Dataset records
◇ ◇ ◇ ◇

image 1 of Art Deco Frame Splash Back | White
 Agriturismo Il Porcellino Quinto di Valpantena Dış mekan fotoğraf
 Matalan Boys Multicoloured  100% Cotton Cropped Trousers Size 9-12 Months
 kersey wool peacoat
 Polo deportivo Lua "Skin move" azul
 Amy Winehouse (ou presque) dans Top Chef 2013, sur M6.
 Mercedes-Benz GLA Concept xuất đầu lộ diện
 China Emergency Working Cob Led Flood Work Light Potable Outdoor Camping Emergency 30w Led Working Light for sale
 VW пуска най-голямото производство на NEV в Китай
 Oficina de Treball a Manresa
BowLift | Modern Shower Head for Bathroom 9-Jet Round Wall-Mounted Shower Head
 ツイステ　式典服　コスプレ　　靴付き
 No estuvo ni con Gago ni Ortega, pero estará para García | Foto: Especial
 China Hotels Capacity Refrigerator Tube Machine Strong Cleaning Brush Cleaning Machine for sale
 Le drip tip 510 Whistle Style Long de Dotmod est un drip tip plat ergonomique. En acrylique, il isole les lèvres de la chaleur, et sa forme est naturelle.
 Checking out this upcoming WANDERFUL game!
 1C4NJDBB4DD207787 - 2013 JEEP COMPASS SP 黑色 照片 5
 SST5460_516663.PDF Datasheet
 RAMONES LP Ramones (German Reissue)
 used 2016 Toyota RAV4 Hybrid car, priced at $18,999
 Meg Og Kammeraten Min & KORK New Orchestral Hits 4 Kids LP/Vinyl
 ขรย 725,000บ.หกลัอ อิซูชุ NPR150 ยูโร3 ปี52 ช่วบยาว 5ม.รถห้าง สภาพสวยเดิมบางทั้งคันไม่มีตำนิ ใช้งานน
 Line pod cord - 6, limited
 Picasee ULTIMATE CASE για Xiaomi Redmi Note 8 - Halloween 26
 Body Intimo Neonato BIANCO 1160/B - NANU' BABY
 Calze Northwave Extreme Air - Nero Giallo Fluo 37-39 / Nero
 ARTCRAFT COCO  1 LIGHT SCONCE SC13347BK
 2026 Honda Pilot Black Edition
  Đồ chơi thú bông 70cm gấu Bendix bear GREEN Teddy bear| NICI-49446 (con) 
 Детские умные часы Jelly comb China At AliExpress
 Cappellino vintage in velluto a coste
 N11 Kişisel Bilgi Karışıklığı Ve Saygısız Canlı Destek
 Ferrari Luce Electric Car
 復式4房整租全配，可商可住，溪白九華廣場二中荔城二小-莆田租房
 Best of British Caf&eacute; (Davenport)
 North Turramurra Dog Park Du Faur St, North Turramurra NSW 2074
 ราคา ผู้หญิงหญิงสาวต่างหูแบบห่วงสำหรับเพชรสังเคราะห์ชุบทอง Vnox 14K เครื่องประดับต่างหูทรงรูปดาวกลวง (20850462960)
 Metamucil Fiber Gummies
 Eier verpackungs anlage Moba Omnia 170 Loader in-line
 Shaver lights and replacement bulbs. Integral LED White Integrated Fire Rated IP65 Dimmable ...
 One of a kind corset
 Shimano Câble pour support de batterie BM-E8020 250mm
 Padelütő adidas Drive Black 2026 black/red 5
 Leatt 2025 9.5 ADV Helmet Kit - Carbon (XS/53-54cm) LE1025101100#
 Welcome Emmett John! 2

◇ ◇ ◇ ◇

| WHAT IS NEEDED |
Retype only the stretch of lines above starting at the one with "Checking out this upcoming WANDERFUL game!" and stopping at the one with "used 2016 Toyota", exactly as written, with both kept.

| SOLUTION FOR THIS PROBLEM |
 Checking out this upcoming WANDERFUL game!
 1C4NJDBB4DD207787 - 2013 JEEP COMPASS SP 黑色 照片 5
 SST5460_516663.PDF Datasheet
 RAMONES LP Ramones (German Reissue)
 used 2016 Toyota RAV4 Hybrid car, priced at $18,999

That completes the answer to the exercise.